● Task to complete:
In this exercise, return the whole listing exactly, excluding any images.

● Data provided:

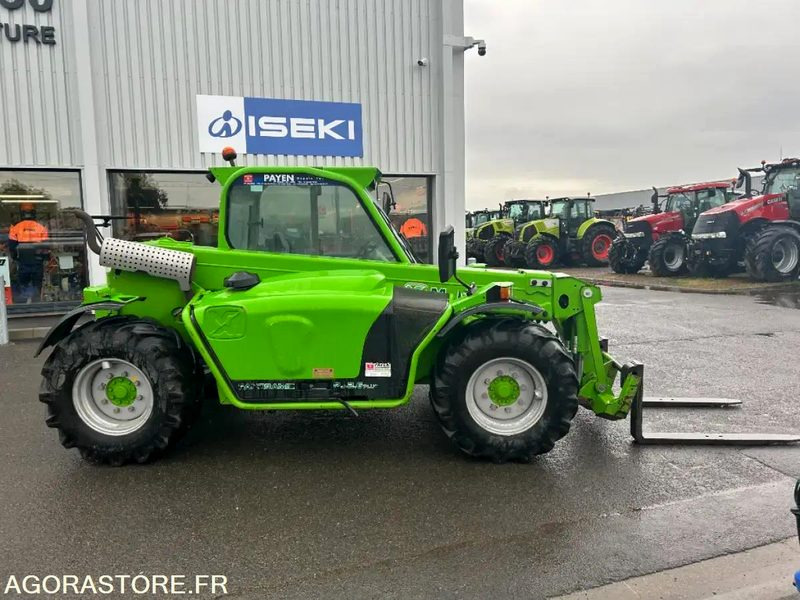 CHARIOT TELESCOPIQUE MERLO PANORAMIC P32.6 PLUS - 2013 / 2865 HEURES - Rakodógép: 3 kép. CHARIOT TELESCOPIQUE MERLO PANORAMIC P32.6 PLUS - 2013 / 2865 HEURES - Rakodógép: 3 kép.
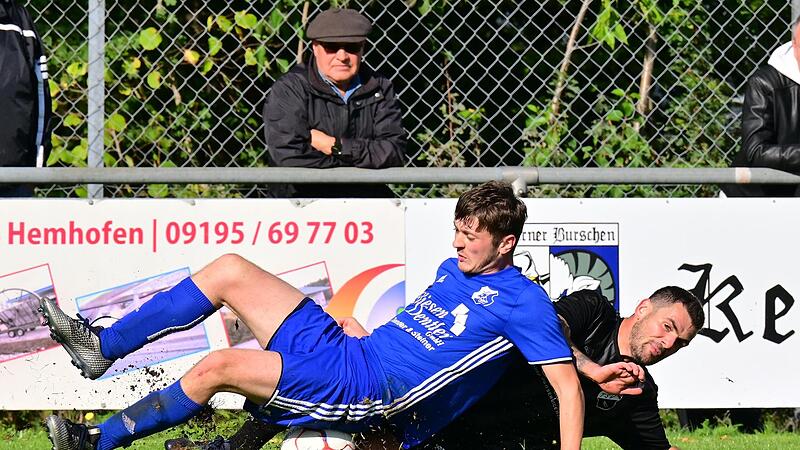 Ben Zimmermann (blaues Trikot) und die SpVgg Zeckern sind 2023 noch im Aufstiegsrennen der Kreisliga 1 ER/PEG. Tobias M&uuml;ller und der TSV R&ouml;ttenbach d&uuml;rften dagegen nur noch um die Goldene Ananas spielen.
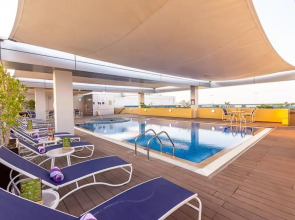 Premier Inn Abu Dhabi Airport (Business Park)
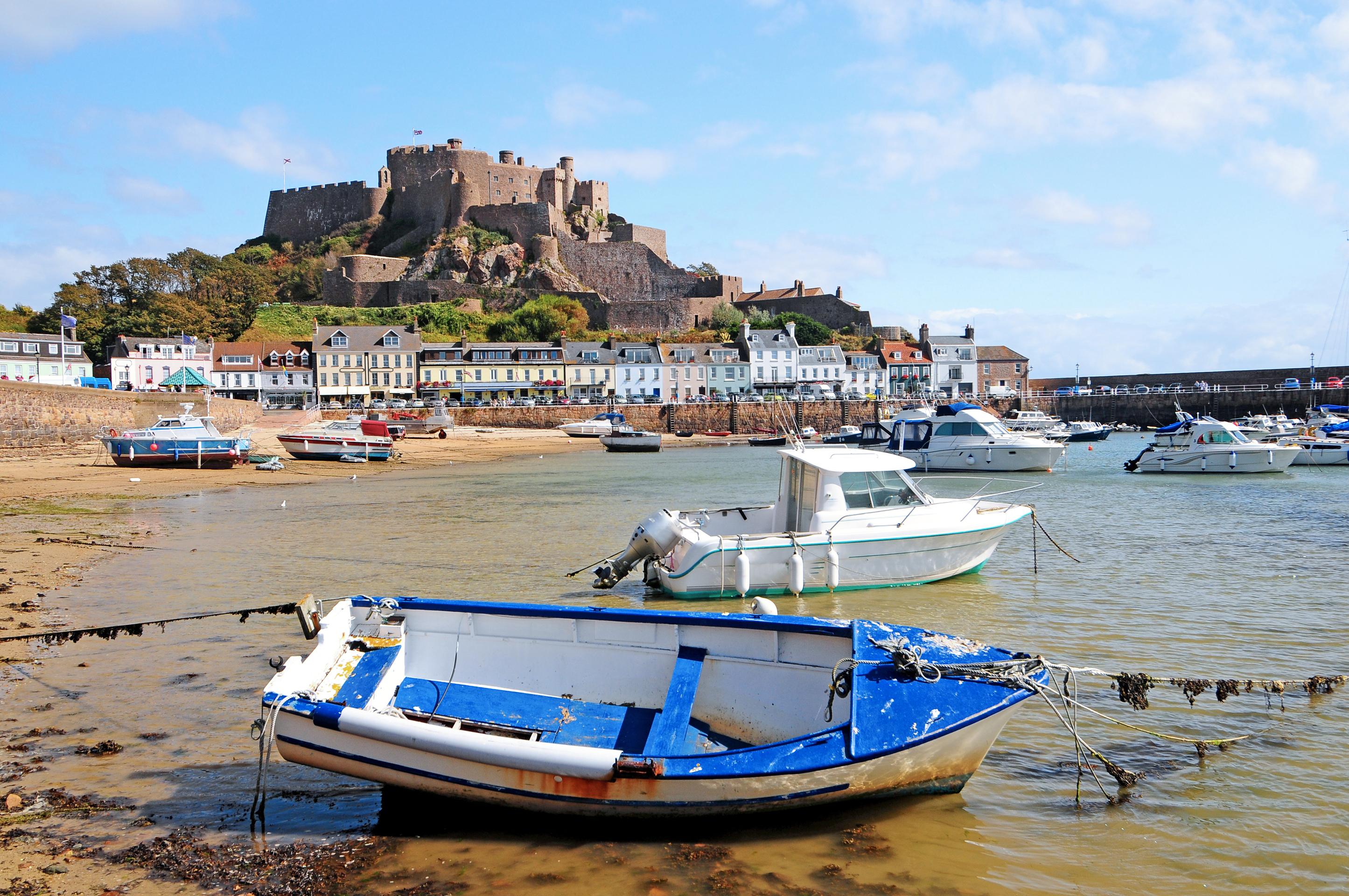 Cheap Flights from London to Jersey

● Exercise output:
 CHARIOT TELESCOPIQUE MERLO PANORAMIC P32.6 PLUS - 2013 / 2865 HEURES - Rakodógép: 3 kép. CHARIOT TELESCOPIQUE MERLO PANORAMIC P32.6 PLUS - 2013 / 2865 HEURES - Rakodógép: 3 kép.
 Ben Zimmermann (blaues Trikot) und die SpVgg Zeckern sind 2023 noch im Aufstiegsrennen der Kreisliga 1 ER/PEG. Tobias M&uuml;ller und der TSV R&ouml;ttenbach d&uuml;rften dagegen nur noch um die Goldene Ananas spielen.
 Premier Inn Abu Dhabi Airport (Business Park)
 Cheap Flights from London to Jersey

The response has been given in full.